Data extracted from a collection:
-- Opening Marker --

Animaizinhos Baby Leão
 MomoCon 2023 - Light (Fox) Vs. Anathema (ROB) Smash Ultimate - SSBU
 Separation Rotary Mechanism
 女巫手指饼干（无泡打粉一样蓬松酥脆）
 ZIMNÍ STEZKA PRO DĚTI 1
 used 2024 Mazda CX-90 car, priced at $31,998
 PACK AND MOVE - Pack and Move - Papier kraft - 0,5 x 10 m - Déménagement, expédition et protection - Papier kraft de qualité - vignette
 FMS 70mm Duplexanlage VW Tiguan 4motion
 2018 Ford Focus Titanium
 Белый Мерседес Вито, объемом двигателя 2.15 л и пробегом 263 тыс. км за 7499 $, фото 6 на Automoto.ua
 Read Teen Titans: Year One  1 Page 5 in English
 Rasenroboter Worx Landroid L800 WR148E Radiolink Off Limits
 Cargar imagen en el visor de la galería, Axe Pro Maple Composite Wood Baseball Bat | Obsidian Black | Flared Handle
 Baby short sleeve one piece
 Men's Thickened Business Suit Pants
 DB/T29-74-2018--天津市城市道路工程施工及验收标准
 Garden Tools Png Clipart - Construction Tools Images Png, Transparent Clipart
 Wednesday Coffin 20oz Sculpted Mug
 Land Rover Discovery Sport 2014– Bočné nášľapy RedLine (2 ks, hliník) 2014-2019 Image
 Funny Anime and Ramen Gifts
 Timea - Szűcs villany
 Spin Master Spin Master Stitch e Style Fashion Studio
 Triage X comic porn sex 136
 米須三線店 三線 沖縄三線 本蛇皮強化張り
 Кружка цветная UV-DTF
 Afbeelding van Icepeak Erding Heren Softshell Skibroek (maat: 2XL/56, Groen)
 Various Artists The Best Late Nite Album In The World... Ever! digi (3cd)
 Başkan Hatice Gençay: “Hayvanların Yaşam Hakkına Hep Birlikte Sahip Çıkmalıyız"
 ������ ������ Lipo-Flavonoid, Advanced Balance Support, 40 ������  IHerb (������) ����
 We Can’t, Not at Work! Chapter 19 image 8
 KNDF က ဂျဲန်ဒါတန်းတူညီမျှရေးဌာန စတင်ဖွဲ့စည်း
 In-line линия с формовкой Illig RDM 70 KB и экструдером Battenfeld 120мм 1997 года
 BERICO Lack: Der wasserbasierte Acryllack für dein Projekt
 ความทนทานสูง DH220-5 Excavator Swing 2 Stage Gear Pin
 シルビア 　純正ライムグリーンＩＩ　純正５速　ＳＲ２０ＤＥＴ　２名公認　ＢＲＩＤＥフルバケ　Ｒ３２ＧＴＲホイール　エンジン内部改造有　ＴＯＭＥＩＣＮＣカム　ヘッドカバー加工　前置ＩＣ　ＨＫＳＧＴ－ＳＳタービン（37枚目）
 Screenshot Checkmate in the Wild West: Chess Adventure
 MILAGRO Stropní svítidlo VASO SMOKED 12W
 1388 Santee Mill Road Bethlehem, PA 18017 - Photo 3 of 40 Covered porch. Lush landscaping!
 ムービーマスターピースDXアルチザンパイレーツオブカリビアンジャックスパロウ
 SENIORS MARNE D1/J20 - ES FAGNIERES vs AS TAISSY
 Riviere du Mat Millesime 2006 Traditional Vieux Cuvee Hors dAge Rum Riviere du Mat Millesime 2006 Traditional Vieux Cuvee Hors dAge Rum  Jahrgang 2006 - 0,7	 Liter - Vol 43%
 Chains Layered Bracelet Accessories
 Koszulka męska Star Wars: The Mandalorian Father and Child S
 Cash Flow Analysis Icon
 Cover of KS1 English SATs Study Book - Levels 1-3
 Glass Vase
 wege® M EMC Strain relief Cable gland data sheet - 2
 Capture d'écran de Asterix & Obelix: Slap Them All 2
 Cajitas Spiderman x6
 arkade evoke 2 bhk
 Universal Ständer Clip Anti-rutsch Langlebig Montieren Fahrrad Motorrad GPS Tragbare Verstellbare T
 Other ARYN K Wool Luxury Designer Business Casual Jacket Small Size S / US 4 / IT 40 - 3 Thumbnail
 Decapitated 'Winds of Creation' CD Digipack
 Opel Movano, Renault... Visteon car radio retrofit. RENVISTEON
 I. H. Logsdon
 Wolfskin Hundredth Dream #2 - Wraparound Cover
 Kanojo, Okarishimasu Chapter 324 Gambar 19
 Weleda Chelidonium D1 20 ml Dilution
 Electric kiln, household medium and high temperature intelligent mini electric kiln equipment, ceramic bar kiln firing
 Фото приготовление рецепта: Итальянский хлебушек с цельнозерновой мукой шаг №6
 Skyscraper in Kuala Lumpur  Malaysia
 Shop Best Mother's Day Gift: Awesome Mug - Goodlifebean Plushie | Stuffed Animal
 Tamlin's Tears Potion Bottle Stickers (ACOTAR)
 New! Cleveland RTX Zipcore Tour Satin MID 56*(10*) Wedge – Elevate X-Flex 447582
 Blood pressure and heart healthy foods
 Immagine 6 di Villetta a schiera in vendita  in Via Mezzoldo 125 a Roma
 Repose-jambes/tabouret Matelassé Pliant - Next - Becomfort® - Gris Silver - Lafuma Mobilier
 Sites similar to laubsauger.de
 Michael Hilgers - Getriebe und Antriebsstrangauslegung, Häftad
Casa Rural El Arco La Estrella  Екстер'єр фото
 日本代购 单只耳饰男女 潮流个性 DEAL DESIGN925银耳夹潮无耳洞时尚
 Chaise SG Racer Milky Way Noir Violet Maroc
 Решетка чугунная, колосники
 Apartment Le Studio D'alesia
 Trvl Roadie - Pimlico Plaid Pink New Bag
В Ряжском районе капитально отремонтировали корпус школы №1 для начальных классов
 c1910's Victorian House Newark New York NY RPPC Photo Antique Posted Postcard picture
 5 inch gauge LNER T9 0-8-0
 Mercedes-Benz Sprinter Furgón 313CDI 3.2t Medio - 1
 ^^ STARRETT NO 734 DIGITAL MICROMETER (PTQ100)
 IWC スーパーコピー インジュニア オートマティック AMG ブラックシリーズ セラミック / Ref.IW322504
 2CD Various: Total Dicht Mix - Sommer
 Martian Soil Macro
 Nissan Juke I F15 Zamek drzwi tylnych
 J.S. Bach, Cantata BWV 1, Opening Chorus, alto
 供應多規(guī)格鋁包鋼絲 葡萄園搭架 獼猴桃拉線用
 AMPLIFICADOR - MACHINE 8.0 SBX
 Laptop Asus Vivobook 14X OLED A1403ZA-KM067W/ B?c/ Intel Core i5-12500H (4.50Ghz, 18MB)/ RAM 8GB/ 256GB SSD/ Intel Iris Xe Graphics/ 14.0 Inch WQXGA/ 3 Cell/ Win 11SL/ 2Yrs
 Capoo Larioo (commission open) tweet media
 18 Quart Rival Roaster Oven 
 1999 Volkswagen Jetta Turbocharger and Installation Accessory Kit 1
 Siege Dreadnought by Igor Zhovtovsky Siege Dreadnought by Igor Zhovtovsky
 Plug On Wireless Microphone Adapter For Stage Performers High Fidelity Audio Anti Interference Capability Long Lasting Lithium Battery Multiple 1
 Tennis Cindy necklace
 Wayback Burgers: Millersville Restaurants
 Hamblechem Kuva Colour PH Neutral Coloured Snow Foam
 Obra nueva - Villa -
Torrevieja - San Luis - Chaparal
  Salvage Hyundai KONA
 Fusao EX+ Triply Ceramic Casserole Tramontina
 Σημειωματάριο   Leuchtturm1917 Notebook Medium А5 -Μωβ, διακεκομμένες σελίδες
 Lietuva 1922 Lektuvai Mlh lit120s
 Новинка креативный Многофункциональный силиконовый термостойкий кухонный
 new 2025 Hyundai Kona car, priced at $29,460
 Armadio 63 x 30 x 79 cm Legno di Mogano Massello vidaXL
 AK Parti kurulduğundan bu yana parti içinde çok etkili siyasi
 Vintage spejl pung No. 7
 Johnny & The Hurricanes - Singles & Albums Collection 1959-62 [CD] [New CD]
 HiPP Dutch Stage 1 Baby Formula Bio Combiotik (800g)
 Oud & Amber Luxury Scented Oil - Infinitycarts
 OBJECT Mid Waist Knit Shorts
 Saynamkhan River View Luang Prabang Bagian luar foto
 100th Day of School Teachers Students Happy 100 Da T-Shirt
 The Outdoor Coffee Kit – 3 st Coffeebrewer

-- Closing Marker --

§ **What to produce**
Answer with the exact lines running from the one that contains "Torrevieja - San Luis - Chaparal" through the last line of the data. Include no other line.

§ **Answer for the task**
Torrevieja - San Luis - Chaparal
  Salvage Hyundai KONA
 Fusao EX+ Triply Ceramic Casserole Tramontina
 Σημειωματάριο   Leuchtturm1917 Notebook Medium А5 -Μωβ, διακεκομμένες σελίδες
 Lietuva 1922 Lektuvai Mlh lit120s
 Новинка креативный Многофункциональный силиконовый термостойкий кухонный
 new 2025 Hyundai Kona car, priced at $29,460
 Armadio 63 x 30 x 79 cm Legno di Mogano Massello vidaXL
 AK Parti kurulduğundan bu yana parti içinde çok etkili siyasi
 Vintage spejl pung No. 7
 Johnny & The Hurricanes - Singles & Albums Collection 1959-62 [CD] [New CD]
 HiPP Dutch Stage 1 Baby Formula Bio Combiotik (800g)
 Oud & Amber Luxury Scented Oil - Infinitycarts
 OBJECT Mid Waist Knit Shorts
 Saynamkhan River View Luang Prabang Bagian luar foto
 100th Day of School Teachers Students Happy 100 Da T-Shirt
 The Outdoor Coffee Kit – 3 st Coffeebrewer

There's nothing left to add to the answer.